岡本真帆さんはこんな短歌を詠んでいるんだぜ(20選シリーズ)
じゃんけんパー勝って飛びつくえりあしは塩素のにおい 夏が始まる
無駄なことばかりしようよ自販機のボタン全部を同時押しとか
ドリンクバー押すと交互に降り注ぐコーラとコーラではない何か
さわやかな風がそろりと入る網戸バリバリバリバリねこバリバリバリ
ゴミだって思ってみたび触れてしまう表紙の中の小さな鳥に
本来の服の持ち味殺してる私の服の組み合わせ方
砂浜のSOSを踏み潰し、ここは異常のない無人島
特別なことは一つも訪れずさなぎのままで秋の制服
たいせつな話なら今聞きたくない 遮るための電車を願う
くるくると夏のコンパス正しさを描いてふたり離れて眠る
謝らない通行人の頭部見る 傘の先端とんがっている
無駄なことだと言う大人 無駄であることがどうして分かるのだろう
壊れたものでもかまいません壊れたものでもかまいません、かまいませんから
廃線をたどっていこう これ以上雑踏に染まるのはごめんだ
感情をあまり出さない君がする嬉しいときのへたなスキップ
シャーペンの芯を逆流させている君には罪の意識などない
新しい顔はもういい バタコさんきちんと死ねる心臓をくれ
まきびしのはずだったのに敵陣にはじけるこんぺいとうこんぺいとう
まだ何かあるんじゃないかと期待するエンドロールの後の一瞬
何気なく打った数字で開く鍵 ねえこの四桁って、わたしの
(written by 岡本真帆:https://note.mu/mapiction)

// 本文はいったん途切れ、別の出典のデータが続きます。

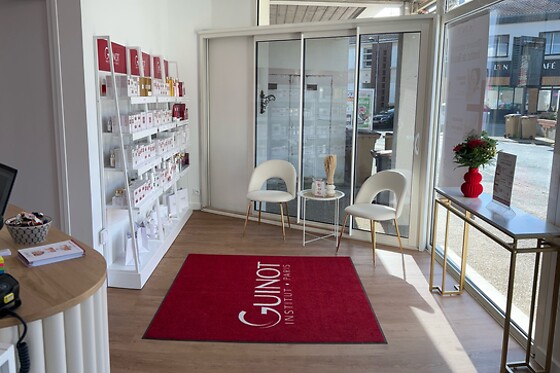 Guinot LB institut LA TESSOUALLE pre affilié - photo 2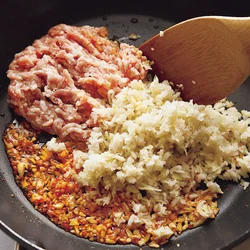 刻んだ切り干し大根がひき肉になじむ！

岡本真帆さんの短歌には、どこか寂しげな雰囲気のものが多い。寂しげ…というか、心の中に何か欠けた部分を持っている主体を感じるような。「ここではないどこか」へ行きたがっている、と言ってもいいかもしれない。
日常の景色を歌った寂しげな歌の中に、非日常を歌ったドキッとするようなサスペンスめいた歌も登場する。
静かなトーンなんだけれども、それは「何かを抑えている静かさ」なのかもしれない、と感じられるような、そんな短歌の数々。